Frauenhaus Ballenstedt Frauenhaus Ballenstedt: Hilfe für den eigenen Weg
Ballenstedt/MZ. - Frauen, die 40 Jahre in einer Beziehung voller Gewalt gelebt haben, ehe sie es schaffen, sich zu lösen. Frauen, die körperlich verletzt sind. Frauen, die seelisch kaputt sind und so voller Sorge, dass ihnen niemand glaubt, dass sie an Selbstmord denken. "Das geht einem schon nahe", sagt Jolanta Richter. "Um so mehr freut es mich, wenn man bei den Frauen, die keinen Selbstwert mehr empfanden, eine Veränderung merkt: Sie gönnen sich beispielsweise, wieder zum Friseur zu gehen. Sie legen ein leichtes Make up auf. Sie tun etwas für sich", so die Leiterin des Caritas-Frauenhauses in Ballenstedt weiter. "Und wenn eine Frau in eine Wohnung zieht, uns zum Hausbesuch einlädt und uns stolz ihr Zuhause zeigt - das ist einfach ein schöner Moment."
Seit 19 Jahren finden Frauen, die in eine Notlage geraten sind, im Caritas-Frauenhaus in Ballenstedt Unterstützung und Hilfe. Im vergangenen Jahr wurden hier 52 Frauen und 43 Kinder betreut, derzeit sind es sieben Frauen und sechs Kinder. Seit der Eröffnung der Einrichtung fanden hier 798 Frauen und 659 Kinder Hilfe.
Die in Not Geratenen kommen aus allen sozialen Schichten und werden oft über die Polizei, Ämter oder Behörden vermittelt. "Es gibt aber auch viele, die aus der Zeitung, durch Freunde oder den Bekanntenkreis erfahren haben, dass es ein Frauenhaus gibt und um Aufnahme bitten", sagt Jolanta Richter.
Ein zeitweiliges Zuhause finden können hier Frauen ab 18 Jahren. Nach oben gibt es keine Grenze. Die bislang älteste im Frauenhaus Ballenstedt Betreute war 84 Jahre alt. Im vergangenen Jahr suchten überwiegend junge Frauen im Alter zwischen 18 und 25 Jahren, viele auch mit kleinen Kindern, Hilfe. Die durchschnittliche Aufenthaltsdauer betrug 57 Tage.

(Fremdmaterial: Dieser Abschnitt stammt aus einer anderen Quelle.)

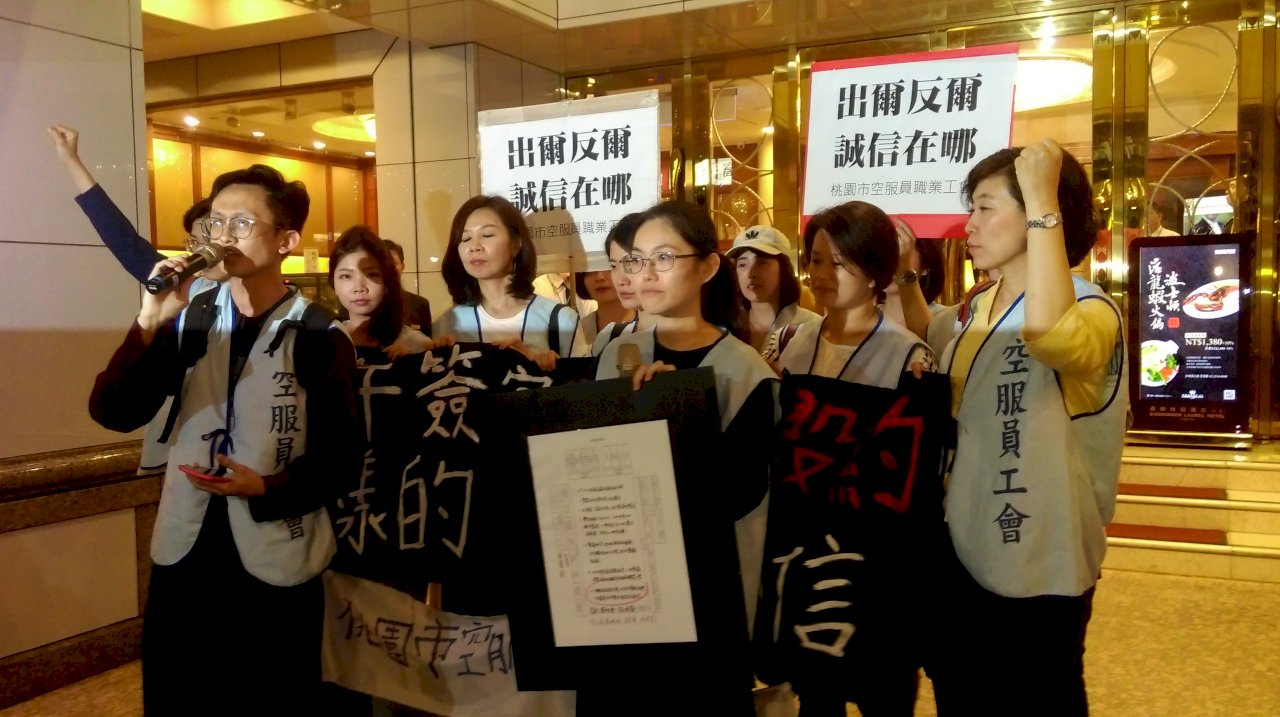 空服工會罷工投票 長榮分會投票率逾9成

"Die Frauen sind aufgelöst, wenn sie zu uns kommen. Sie bringen viele Ängste mit", schildert die Sozialpädagogin. Die Mitarbeiterinnen vermitteln ihnen zuerst die Gewissheit, dass das Frauenhaus ihnen Schutz bietet, dass sie einen Raum für sich haben, wo sie sich geborgen fühlen können. Und sie helfen, die Frauen wirtschaftlich sicher zu stellen, indem beispielsweise das Kindergeld für die Kinder auf den Namen der Mutter beantragt wird. "Das sind die ersten Schritte", sagt Jolanta Richter. "Wir haben auch die Möglichkeit, über unsere Netzwerkpartner und Stiftungen Soforthilfe für unsere Frauen zu beantragen."
In vielen Beratungsgesprächen werden die Frauen motiviert, für sich ihren Lebensweg zu finden. "Wir beraten zwar, welche Möglichkeiten es gibt. Aber ob sie zu ihrem Partner zurückgehen oder sich trennen, das entscheiden die Frauen selbst", unterstreicht die Leiterin.

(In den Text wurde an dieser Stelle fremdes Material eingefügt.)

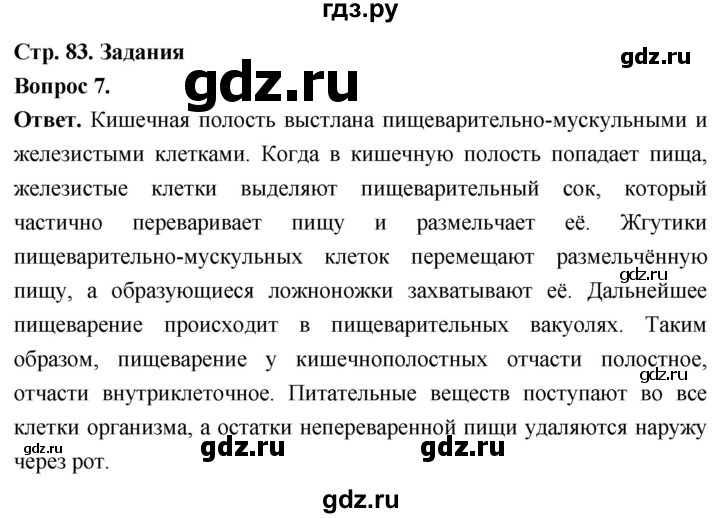 ГДЗ по биологии 8 класс Суматохин Углубленный уровень часть 1 / §16 / задание - 7, Решебник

Entscheide eine Frau sich für eine eigene Wohnung, werden der Auszug begleitet, Möbel besorgt, das neue Zuhause gemeinsam eingerichtet. Möbel oder Utensilien für den Hausrat stehen dank Spenden zur Verfügung. Zudem können die Frauen bei der Koba Unterstützung beantragen, mit der beispielsweise eine Waschmaschine gekauft werden kann.

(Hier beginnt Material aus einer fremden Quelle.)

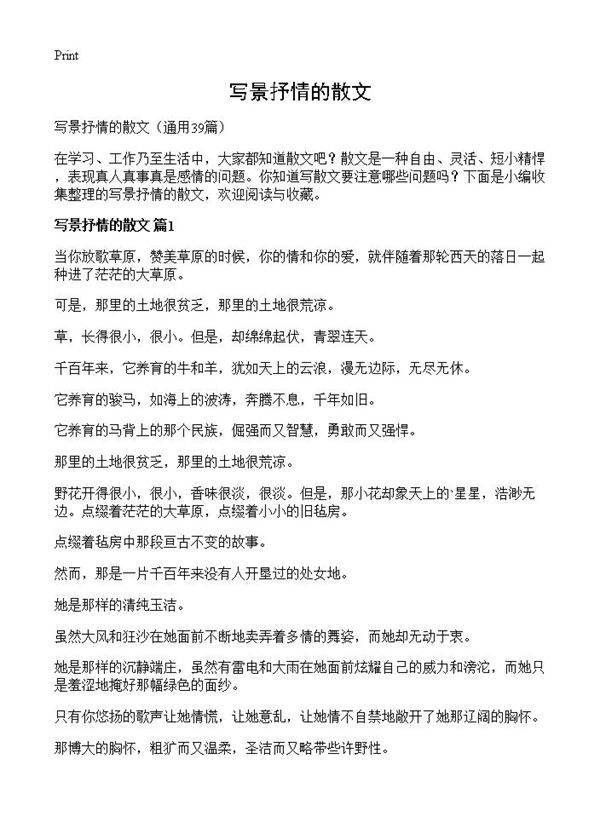 写景抒情的散文39篇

Den Frauen, die ausgezogen sind, bietet das Frauenhaus eine Nachbetreuung an. Dazu gehört beispielsweise auch die Begleitung bei Ämterwegen. "70 Prozent unserer Frauen schaffen den Weg in eine eigene Wohnung und die Trennung vom Partner", so Jolanta Richter.
Übrigens: Im Frauenhaus stehen den Frauen neben ihrem eigenen Zimmer auch ein gemeinsamer Aufenthaltsraum, ein Spielzimmer und eine Gemeinschaftsküche zur Verfügung, in der die gesunde Ernährung im Mittelpunkt steht. "Zu unserem Konzept gehört, dass die Frauen gemeinsam mit einer Hauwirtschafterin kochen. Das ist einmalig in Sachsen-Anhalt", so Jolanta Richter.